Parallèlement à la compétition, la programmation du Festival d’Aubagne compte d’autres séances où l’on peut voir des courts-métrages. Tout d’abord, la Nuit du court-métrage dédiée aux super-héros et anti-héros avec presque quatre heures de films courts dont « Le petit dragon » de Bruno Collet. Autre séance de courts-métrages, les Courts de l’Huveaune (NB : l’Huveaune est un petit fleuve dans la région d’Aubagne) qui permettant de voir ou revoir des films européens primés et distingués ces dernières années dont « Figures » de Miklos Keleti (Belgique), « Betty’s Blues » de Rémi Vandenitte (France/ Belgique) ou encore « Hjonabandssela » de Jorundur Ragnarsson (Islande).
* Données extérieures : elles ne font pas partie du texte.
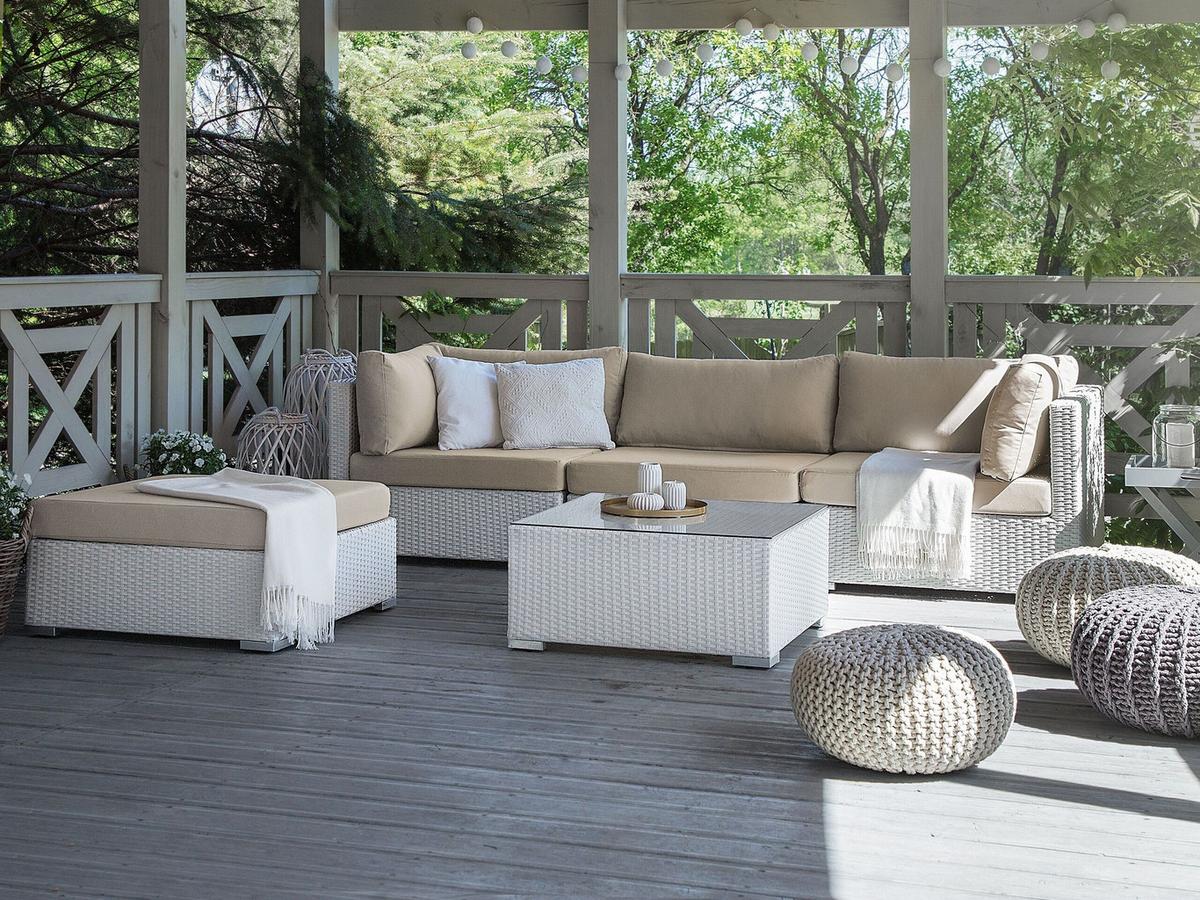 LOUNGE-SET 4-Sitzer Weiß Sano - Beige/Weiß, Kunststoff - Beliani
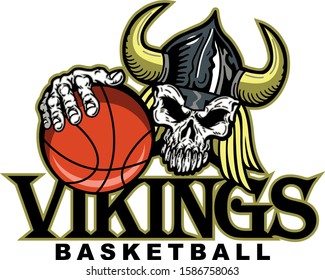 vikings basketball team design with skull mascot helmet for school, college or league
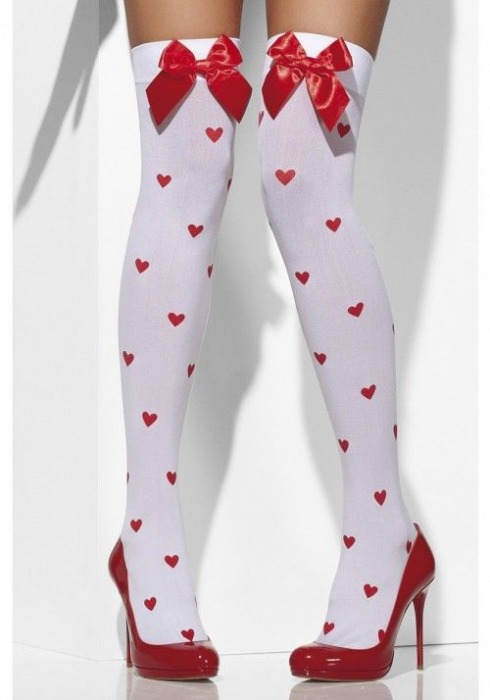 Чулки с сердечками и бантами Romantique - Fever купить с доставкой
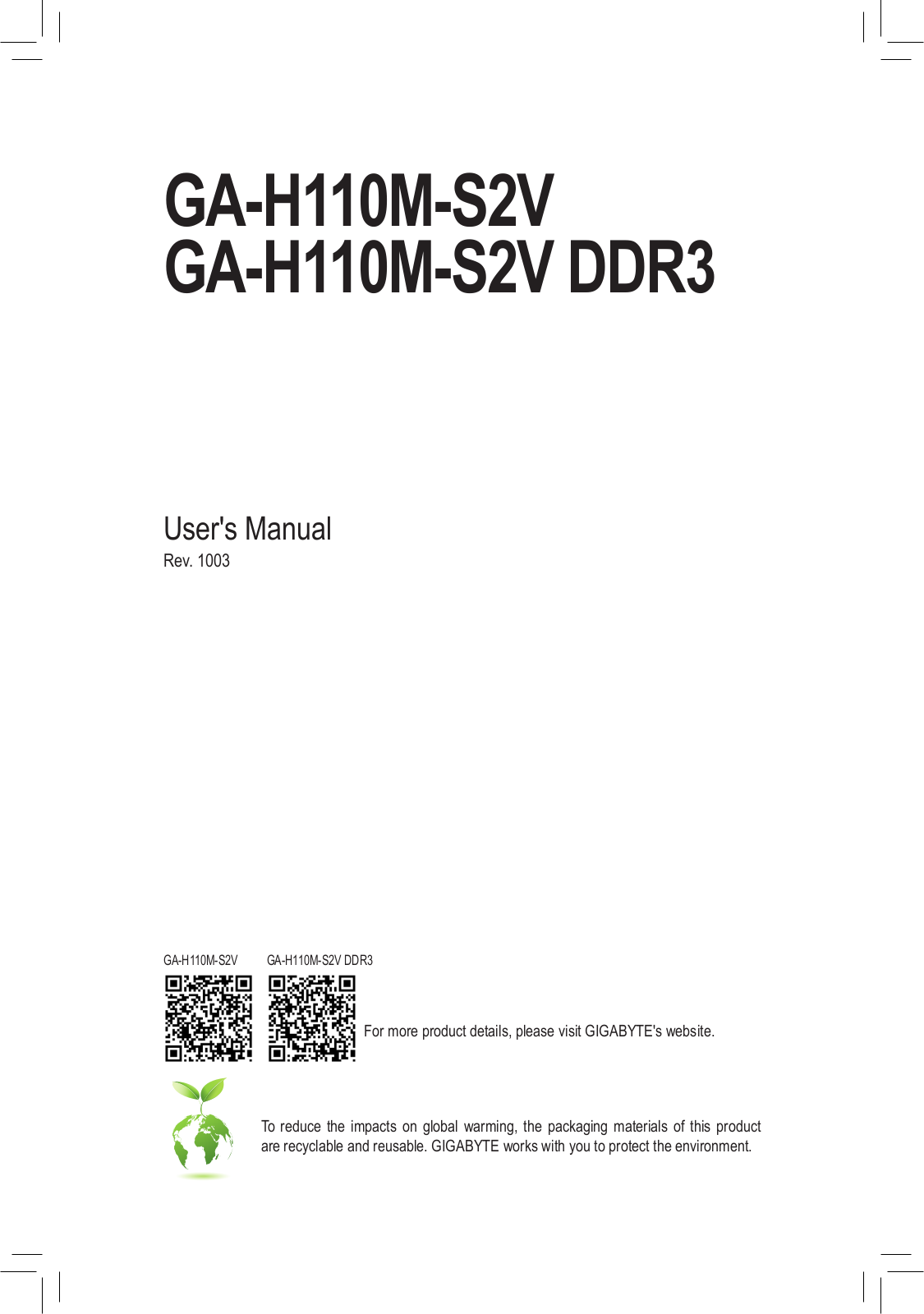 Gigabyte GA-H110M-S2V operation manual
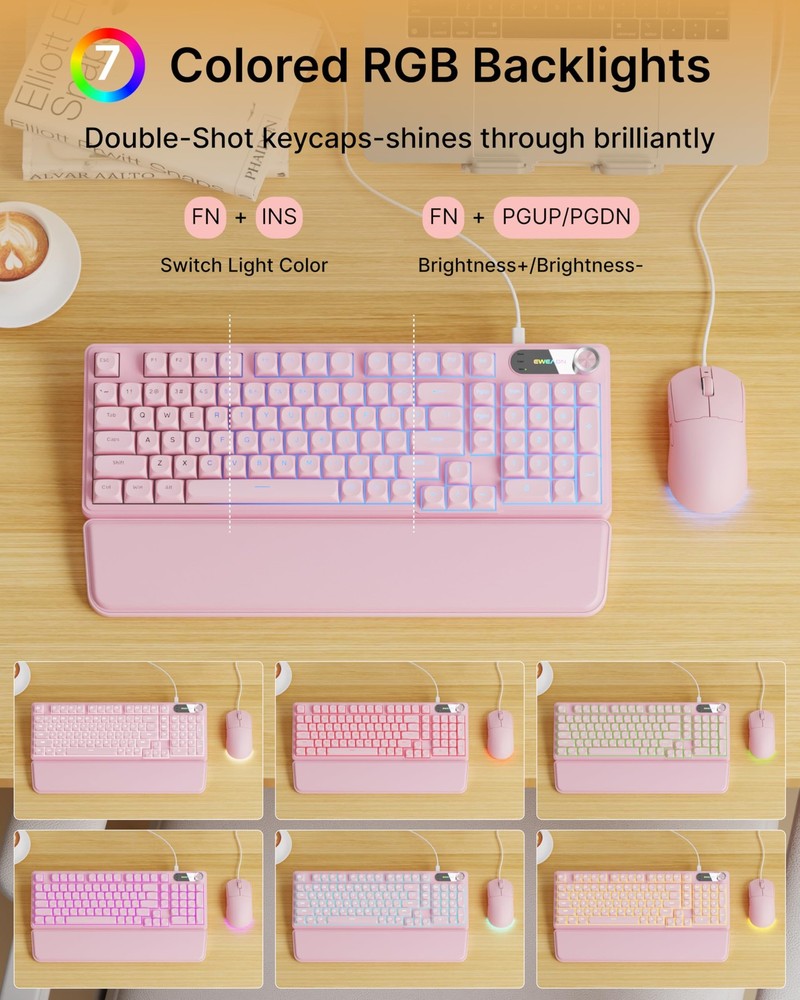 C98 Wired Keyboard and Mouse Combo, Wired Computer Keyboard with Wrist Rest, ...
Enfin, Aubagne maintient au fil des années la séance des Courts qui rendent heureux, une sélection de films à ondes positives. Il y a neuf ans, le producteur Philippe Braunstein qui choyait particulièrement le format du court a constaté que bien souvent, les jeunes réalisateurs exprimaient leur talent à travers des films sombres et tristes. Pour y remédier, il a décidé de concocter chaque année une nouvelle sélection de courts-métrages proposant une vision optimiste de la vie et prouvant ainsi que les réalisateurs talentueux se trouvaient aussi du côté de la comédie. Force est d’avouer que la sélection de cette année est malgré tout un peu décevante comparée à celles des années précédentes puisqu’elle comprend uniquement des films français et, pour la plupart, déjà vus tels que « La virée à Paname » de Carine May et Hakim Zouhani ou des films assez grossier comme « Baby rush » de Tigran Rosine.

Restent « Pim-Poum le petit panda » du déjà cité Alexis Michalik qui, loin d’être un grand film, nous fait toujours autant rire aux éclats et « Superman n’est pas juif (… et moi un peu) » de Jimmy Bemon qui avoue à la manière d’un joli conte, son lien complexe à la religion juive. Cette séance n’en reste pas moins un moment phare du Festival d’Aubagne (trois salles remplies) et fort sympathique.